I've had the same experience with RTK, where my agent got stuck in a loop with a faulty RTK command and could not escape it since RTK hard overwrites anything automatically. I've uninstalled it again for the time being.
I had better results with lean ctx and context mode than with rtk.
Wondering too
Yeah we're also interested in doing this, it's on the roadmap together with optimization of the prompt and descriptions so that models have an easier time using it.

Perhaps anecdotally: we do use this tool ourselves of course, and it's been working pretty well so far. Anthropic models call it and seem to trust the results.

I forced Claude to have a global memory for RTK and my own AI memory system (GuardRails) which it happily uses both, the only times it doesnt use GuardRails is if I dont mention it at all, otherwise it always uses RTK unless RTK falls apart running a tool it does not support.
Token savings is more and more important, but it also important if the agent trusts the result and stops searching. it should measure the full agent loop instead of just the search output
>so heavily RL'd with grep

At least codex listens to me telling it to use rg instead of grep, cause grep is often so slow. But when adding rtk it uses grep through rtk which is kind of annoying.

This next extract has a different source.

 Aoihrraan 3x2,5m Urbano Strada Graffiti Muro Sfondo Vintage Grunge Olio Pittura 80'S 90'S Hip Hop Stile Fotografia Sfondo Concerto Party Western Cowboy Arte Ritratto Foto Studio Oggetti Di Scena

I think the best bet is to use some kind of proxy so when the model calls grep, you intercept the call, use other tool to search and give back the results to the model.
True. Just have the interface that behaves like grep and the output is as expected like grep but internally: indexed, ranked, ...

So the model trusts the output because it is grep :D

I tried to use rtk once and the model got stuck just running and rerunning and rerunning in a loop, until I killed it. I have no idea what happened.
Hey, this is something we're actively working on, but this is hard (and expensive) to do well across harnesses/models. The grep pretraining thing is very interesting though, I've noticed the same. E.g. Sonnet 4.6 seems to trust semble but Opus 4.7 less so. I'm hoping we can quantitatively test this and improve it when we have proper benchmarks for this as well. If you do have any feedback though let me know!